A Preparator's Role in Unpacking El Anatsui: When I Last Wrote to You about Africa

A Preparator's Role in Unpacking El Anatsui: When I Last Wrote to You about Africa

For a traveling exhibition like El Anatsui: When I Last Wrote to You About Africa, the preparator's job starts the moment a truck delivering art parks at our dock. An assessment of the appearance of the vehicle, demeanor of the drivers, and how the crates are secured inside the truck are all clues as to how well the works have been treated. We also do a quick inspection of the outside of the crate as they are removed from the truck to see if there is evidence it has been mishandled.

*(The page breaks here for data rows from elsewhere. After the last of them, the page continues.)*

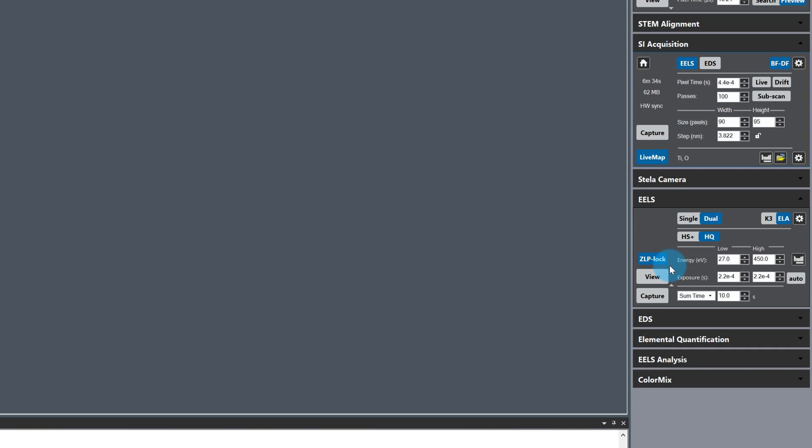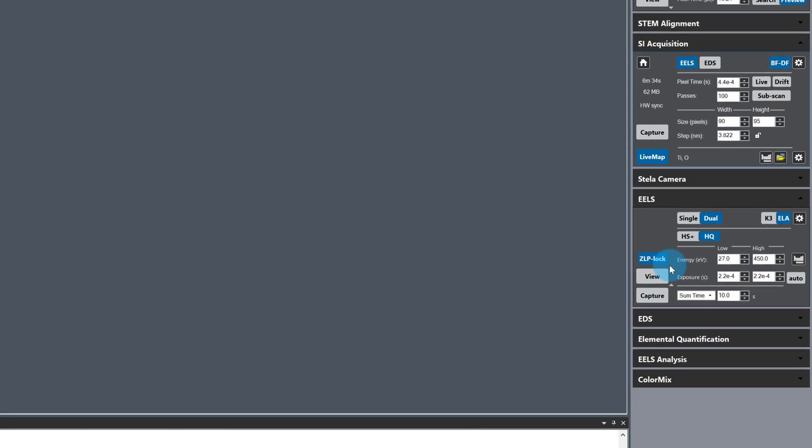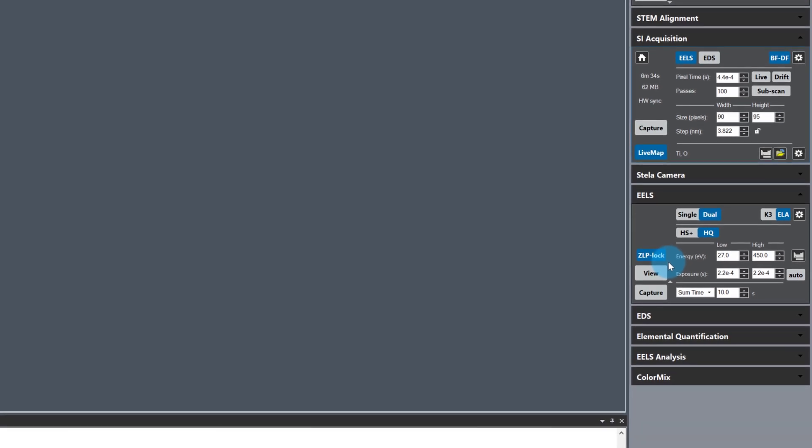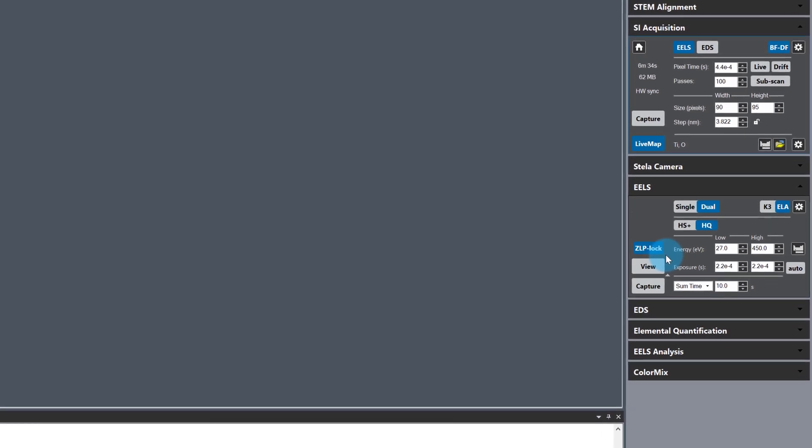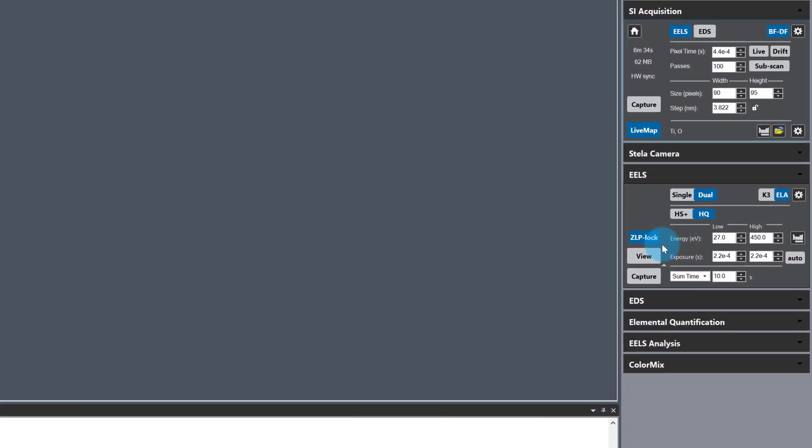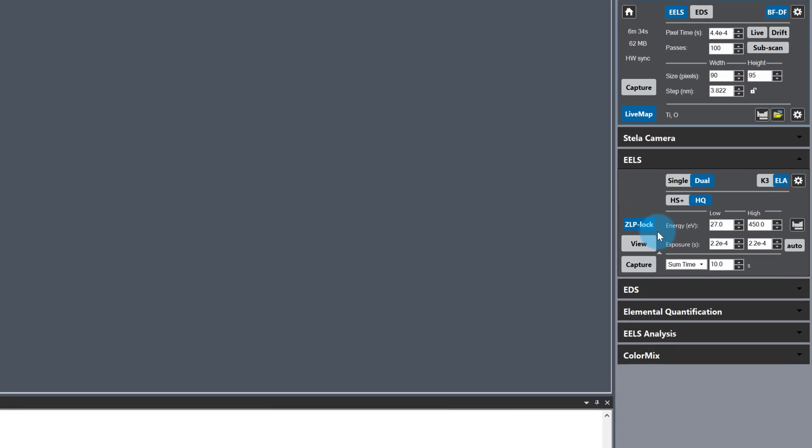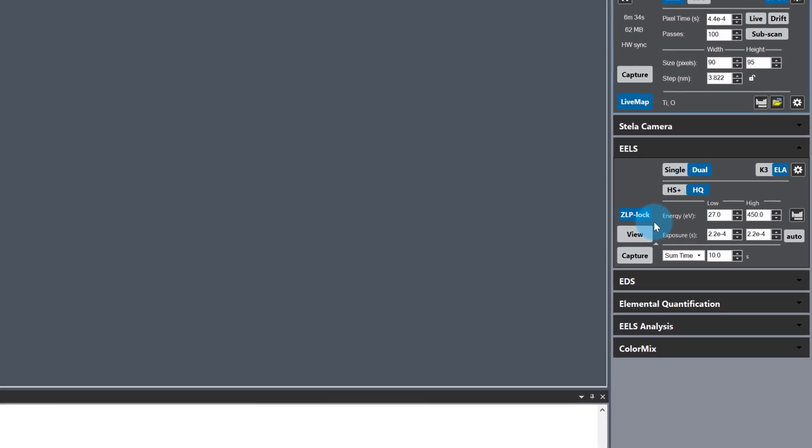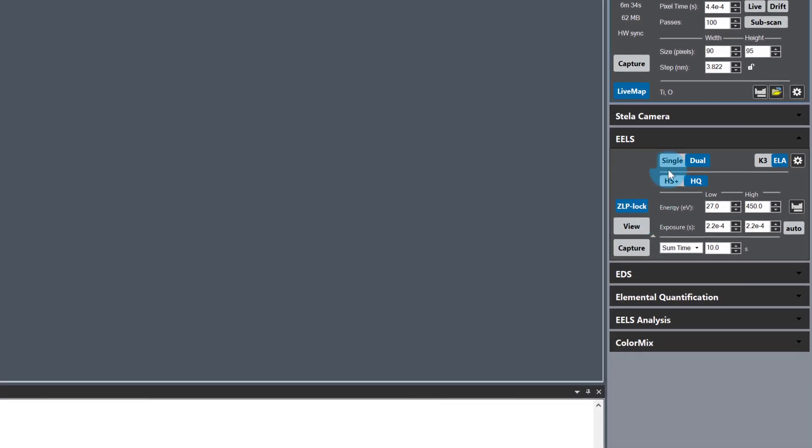In HQ mode, the maximum frame rate for the Stellar camera is 4400 fps. I've set the low loss and high loss exposure times at this frame rate to maximize signal collection efficiency for my experiment.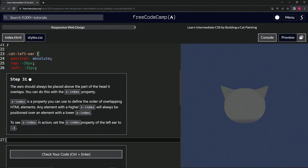To see z-index in action, we're going to set the z-index property of the left ear to negative one. Right here, we're going to add a z-index — the z-hyphen-index property — and set it to negative one.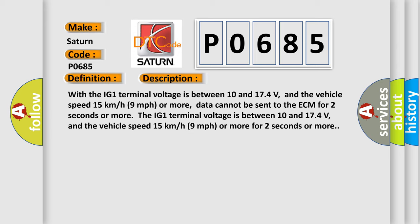The IG1 terminal voltage is between 10 and 17.4 volts, and the vehicle speed 15 kilometers per hour (9 miles per hour) or more for 2 seconds or more. This diagnostic error occurs most often in these cases.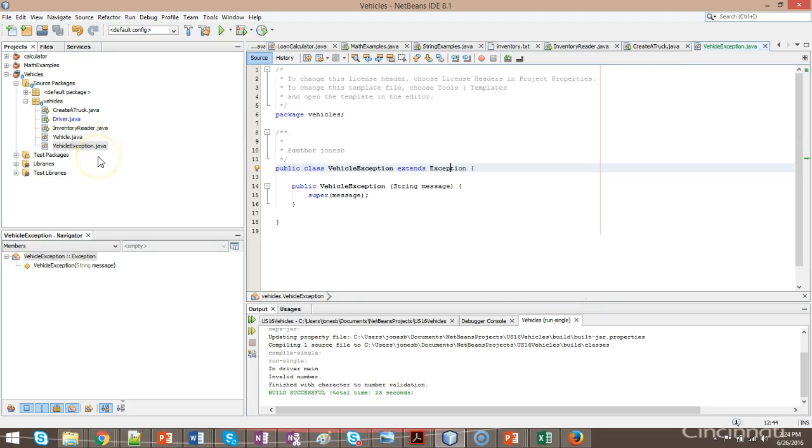So, this is a video on making custom exceptions and having multiple catch blocks. This is part of a video series that I'll have down in the comments section of this video if you'd like to watch it from beginning to end. I hope this has been helpful. Thank you.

There are three primary concerns for art in transit; climate, vibration, and shock. Often, there is a courier who will travel with the artwork to ensure it is handled properly and to oversee its unpacking and installation. While crates are insulated and ride on climate-controlled trucks to limit exposure to the outside environment, as a precaution we allow crates to sit unopened for at least 24 hours to gradually adjust to the conditions in the museum. After the crates have acclimated and under the courier’s supervision, they are opened.

As preparators, we must pay close attention to each step in the unpacking process, taking pictures and jotting down notes to aide us when the time comes for repacking. This could be in a couple of months or many years, in some cases. Each object has a condition report that details any imperfections or previous damage to the piece. When the objects are unpacked they are thoroughly inspected and compared to the condition report.

There were a total of 33 crates delivered for El Anatsui: When I Last Wrote You About Africa. As he uses a variety of materials, we saw a plethora of packing methods. The prints and wood panels were the most basic; each being wrapped in plastic and placed face up on a tray, with multiple trays in a single crate. The ceramics pieces were cavity packed. This means layers of foam cut to conform to the shape of each object. His clothes or large tapestry-like works were rolled onto large tubes with plastic interleaving and then suspended by the end of the tubes inside the crate or draped over a support. The most packing-intensive artwork was Open Market, having more than 1,500 individual boxes wrapped in tissue.

Come January 7, we will do the whole process in reverse and only when everything has arrived safely at its next destination will our job be done.